Figure 13. Comparison of triangular apodization and boxcar truncation.

The source is an infinitely narrow line. The interferogram (a) is an infinitely long cosine train, which transforms faithfully to return the infinitely narrow line. When boxcar truncation is used (b) the transformed line takes on width and exhibits positive and negative lobes. Triangular apodization (c) further increases line width but reduces the magnitude of the side lobes and makes them all positive. Note that although the triangular function decreased the side lobes, the resultant line width is considerably increased, affecting the resolution. There are several apodization functions, which employ a degree of non linearity or curvature in an effort to maintain resolution while reducing the ringing, these include Gaussian and Lorentzian functions, a raised cosine function (Hanning apodization), Happ-Genzel apodization and Norton-Beer functions.
When sampling liquids and solids in transmission mode, an apodization function of medium strength such as triangular that does not seriously affect resolution should be used. For gas sampling when rotational fine structure is required, no apodization function should be used. The boxcar truncation will maximize the resolution although the baseline will be affected. In this case a greater number of scans will ultimately favor the SNR of the spectrum.

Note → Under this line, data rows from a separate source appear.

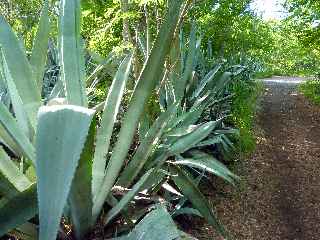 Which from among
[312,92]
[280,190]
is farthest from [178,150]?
[312,92]

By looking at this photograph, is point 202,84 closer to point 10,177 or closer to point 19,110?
point 19,110

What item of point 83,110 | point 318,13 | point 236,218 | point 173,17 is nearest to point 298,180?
point 236,218

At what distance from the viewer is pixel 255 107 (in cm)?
1273

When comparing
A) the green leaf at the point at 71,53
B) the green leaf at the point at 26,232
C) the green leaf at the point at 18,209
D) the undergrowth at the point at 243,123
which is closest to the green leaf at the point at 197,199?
the green leaf at the point at 71,53

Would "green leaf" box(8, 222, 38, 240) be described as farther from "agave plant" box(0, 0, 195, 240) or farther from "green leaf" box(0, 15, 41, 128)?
"green leaf" box(0, 15, 41, 128)

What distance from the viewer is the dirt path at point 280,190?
5.00 m

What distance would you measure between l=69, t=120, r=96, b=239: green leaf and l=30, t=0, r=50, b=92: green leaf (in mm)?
815

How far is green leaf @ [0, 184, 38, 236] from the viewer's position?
1.72 metres

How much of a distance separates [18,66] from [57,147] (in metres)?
0.86

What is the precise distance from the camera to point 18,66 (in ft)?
7.20

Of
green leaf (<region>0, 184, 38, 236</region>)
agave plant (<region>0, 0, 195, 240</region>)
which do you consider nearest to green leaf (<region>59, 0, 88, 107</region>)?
agave plant (<region>0, 0, 195, 240</region>)

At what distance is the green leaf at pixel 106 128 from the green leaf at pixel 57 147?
65 cm

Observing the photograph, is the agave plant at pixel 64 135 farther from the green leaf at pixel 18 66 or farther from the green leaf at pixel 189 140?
the green leaf at pixel 189 140

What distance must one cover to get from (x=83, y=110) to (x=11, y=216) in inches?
22.0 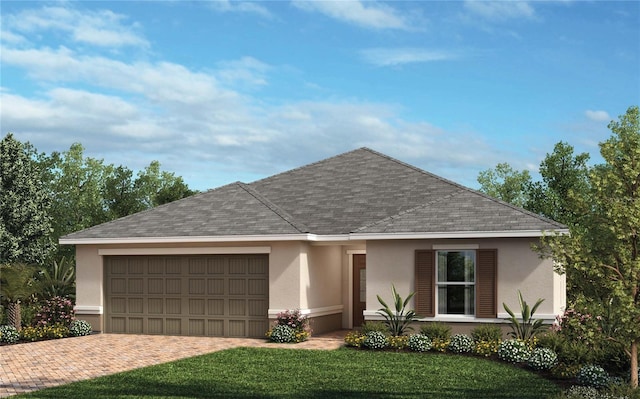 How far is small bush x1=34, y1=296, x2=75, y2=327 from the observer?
23.3m

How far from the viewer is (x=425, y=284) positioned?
2016 centimetres

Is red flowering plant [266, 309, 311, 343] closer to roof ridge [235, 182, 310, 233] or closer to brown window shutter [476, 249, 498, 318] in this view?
roof ridge [235, 182, 310, 233]

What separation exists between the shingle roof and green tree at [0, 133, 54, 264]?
10736mm

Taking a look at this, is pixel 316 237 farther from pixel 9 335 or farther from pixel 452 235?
pixel 9 335

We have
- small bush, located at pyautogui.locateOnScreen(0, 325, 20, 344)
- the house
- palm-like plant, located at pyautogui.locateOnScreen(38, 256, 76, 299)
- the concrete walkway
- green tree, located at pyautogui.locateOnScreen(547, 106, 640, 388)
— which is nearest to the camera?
green tree, located at pyautogui.locateOnScreen(547, 106, 640, 388)

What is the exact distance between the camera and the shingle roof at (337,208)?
2044 cm

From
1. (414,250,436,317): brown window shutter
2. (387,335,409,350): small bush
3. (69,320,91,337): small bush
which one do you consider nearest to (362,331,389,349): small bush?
(387,335,409,350): small bush

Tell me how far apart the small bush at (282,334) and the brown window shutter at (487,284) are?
4.87 metres

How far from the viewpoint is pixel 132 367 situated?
16.4 metres

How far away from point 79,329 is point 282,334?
645cm

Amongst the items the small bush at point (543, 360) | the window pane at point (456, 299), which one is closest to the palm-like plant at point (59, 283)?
the window pane at point (456, 299)

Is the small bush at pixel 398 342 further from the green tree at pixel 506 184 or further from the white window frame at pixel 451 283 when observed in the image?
the green tree at pixel 506 184

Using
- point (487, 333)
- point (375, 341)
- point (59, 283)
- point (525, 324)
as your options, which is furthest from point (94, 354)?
point (525, 324)

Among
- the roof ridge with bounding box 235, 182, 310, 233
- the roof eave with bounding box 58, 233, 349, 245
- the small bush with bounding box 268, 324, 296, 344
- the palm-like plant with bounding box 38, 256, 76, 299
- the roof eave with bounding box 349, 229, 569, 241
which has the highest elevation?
the roof ridge with bounding box 235, 182, 310, 233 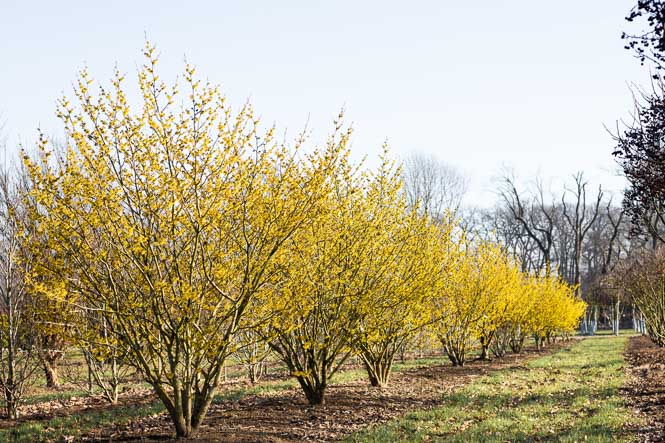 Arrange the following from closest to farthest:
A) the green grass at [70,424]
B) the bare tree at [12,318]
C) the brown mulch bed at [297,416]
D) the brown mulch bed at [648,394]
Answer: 1. the brown mulch bed at [648,394]
2. the brown mulch bed at [297,416]
3. the green grass at [70,424]
4. the bare tree at [12,318]

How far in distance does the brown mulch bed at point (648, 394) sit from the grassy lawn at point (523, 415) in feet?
0.65

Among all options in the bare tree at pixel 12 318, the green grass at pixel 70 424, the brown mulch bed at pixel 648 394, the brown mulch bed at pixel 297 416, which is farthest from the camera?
the bare tree at pixel 12 318

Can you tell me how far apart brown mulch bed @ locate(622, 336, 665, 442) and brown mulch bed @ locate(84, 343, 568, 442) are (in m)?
2.82

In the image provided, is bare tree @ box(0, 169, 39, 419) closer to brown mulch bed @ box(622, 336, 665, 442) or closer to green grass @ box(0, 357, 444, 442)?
green grass @ box(0, 357, 444, 442)

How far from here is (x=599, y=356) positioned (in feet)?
57.9

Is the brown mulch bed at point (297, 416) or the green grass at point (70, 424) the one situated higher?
the brown mulch bed at point (297, 416)

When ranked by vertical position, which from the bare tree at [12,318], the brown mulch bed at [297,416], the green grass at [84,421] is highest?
the bare tree at [12,318]

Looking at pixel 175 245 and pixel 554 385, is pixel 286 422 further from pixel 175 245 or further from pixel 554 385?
pixel 554 385

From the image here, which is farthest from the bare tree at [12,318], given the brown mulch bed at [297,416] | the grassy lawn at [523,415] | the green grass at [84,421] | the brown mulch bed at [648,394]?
the brown mulch bed at [648,394]

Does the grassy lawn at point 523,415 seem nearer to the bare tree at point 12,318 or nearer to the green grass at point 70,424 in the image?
the green grass at point 70,424

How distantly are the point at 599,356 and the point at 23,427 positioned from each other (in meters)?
15.6

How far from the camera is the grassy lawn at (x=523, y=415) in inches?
251

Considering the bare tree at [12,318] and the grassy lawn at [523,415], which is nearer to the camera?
the grassy lawn at [523,415]

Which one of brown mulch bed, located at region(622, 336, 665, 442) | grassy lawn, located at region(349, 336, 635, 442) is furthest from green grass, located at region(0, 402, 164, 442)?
brown mulch bed, located at region(622, 336, 665, 442) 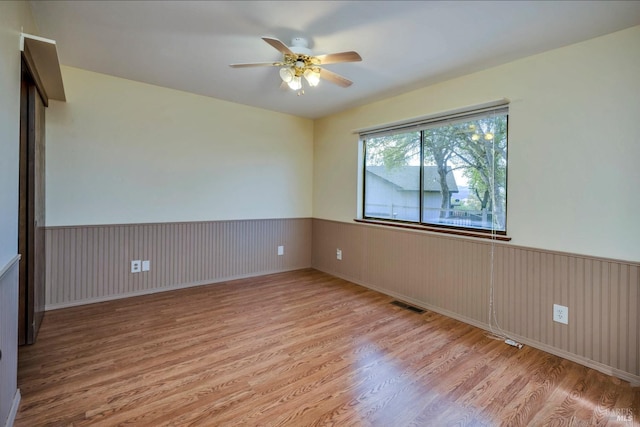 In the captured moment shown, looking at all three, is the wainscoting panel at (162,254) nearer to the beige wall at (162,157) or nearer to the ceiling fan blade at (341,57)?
the beige wall at (162,157)

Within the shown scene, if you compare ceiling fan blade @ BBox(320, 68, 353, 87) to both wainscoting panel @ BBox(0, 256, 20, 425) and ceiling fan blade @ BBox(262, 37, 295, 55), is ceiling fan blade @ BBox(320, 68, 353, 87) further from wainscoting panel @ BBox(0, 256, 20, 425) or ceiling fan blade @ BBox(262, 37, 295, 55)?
wainscoting panel @ BBox(0, 256, 20, 425)

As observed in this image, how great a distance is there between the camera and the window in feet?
9.33

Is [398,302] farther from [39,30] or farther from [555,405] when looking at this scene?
[39,30]

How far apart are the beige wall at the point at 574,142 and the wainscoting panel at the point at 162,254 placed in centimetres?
301

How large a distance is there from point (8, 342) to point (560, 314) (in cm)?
352

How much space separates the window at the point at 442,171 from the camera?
2.84 meters

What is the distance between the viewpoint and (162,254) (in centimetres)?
371

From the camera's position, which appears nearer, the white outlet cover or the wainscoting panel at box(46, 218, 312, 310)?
the wainscoting panel at box(46, 218, 312, 310)

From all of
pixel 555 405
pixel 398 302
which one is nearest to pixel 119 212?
pixel 398 302

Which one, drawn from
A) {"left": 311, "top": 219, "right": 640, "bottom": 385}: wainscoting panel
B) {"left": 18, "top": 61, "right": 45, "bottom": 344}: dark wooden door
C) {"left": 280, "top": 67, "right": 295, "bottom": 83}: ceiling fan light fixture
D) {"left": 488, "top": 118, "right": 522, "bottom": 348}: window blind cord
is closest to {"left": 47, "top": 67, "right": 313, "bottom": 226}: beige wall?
{"left": 18, "top": 61, "right": 45, "bottom": 344}: dark wooden door

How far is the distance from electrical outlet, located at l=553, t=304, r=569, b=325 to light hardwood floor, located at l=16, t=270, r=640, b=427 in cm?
30

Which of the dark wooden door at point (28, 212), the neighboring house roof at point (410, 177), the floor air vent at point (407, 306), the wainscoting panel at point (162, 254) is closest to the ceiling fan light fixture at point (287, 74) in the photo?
the dark wooden door at point (28, 212)

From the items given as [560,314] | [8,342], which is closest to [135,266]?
[8,342]

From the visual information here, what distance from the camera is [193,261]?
12.9 feet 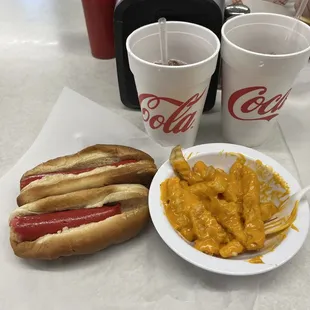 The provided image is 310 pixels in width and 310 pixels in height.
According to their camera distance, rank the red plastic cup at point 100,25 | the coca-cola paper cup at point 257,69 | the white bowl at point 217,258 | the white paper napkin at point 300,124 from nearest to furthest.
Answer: the white bowl at point 217,258 → the coca-cola paper cup at point 257,69 → the white paper napkin at point 300,124 → the red plastic cup at point 100,25

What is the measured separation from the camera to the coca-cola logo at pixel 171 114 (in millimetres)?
690

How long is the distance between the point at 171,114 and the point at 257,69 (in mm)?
163

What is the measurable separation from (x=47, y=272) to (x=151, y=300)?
16 cm

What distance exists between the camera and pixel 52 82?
0.99m

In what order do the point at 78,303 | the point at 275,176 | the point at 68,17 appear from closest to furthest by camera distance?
1. the point at 78,303
2. the point at 275,176
3. the point at 68,17

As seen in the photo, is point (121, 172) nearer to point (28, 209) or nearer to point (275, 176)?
point (28, 209)

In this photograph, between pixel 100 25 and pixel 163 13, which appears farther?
pixel 100 25

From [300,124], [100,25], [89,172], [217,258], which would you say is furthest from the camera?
[100,25]

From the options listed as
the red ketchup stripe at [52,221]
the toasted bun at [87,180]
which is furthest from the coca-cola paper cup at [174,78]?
the red ketchup stripe at [52,221]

  1. 1. Name and explain the functioning of the assembly shown and label the components.

  1. 2. In your own words, explain the following diagram. Use equations to illustrate your point.

  1. 3. Explain how the following graph was obtained. What does it represent?

II. Spectrometer Components and Functioning
  1. 4. What is a DTGS and how it works?
  2. 5. Is it a good practice to turn off a mid IR spectrometer? Explain.
  3. 6. Why is it necessary to collect a larger number of scans when using reflectance accessories than for transmission measurements?
  4. 7. Indicate the scanning conditions needed to resolve the fine rotational structure of the infrared spectrum of a sample of carbon monoxide with optimal SNR.
  5. 8. What effect will have on the appearance of the spectrum if the conditions used in the previous question were applied to a sample of liquid acetone? Explain answer using SNR, scanning time, and resolution?
You will record an IR spectrum of hexane, hexanol, hexanoic acid, cyclohexanone, and benzoic acid. Research the structures of these compounds before coming to lab and identify the functional groups present in each.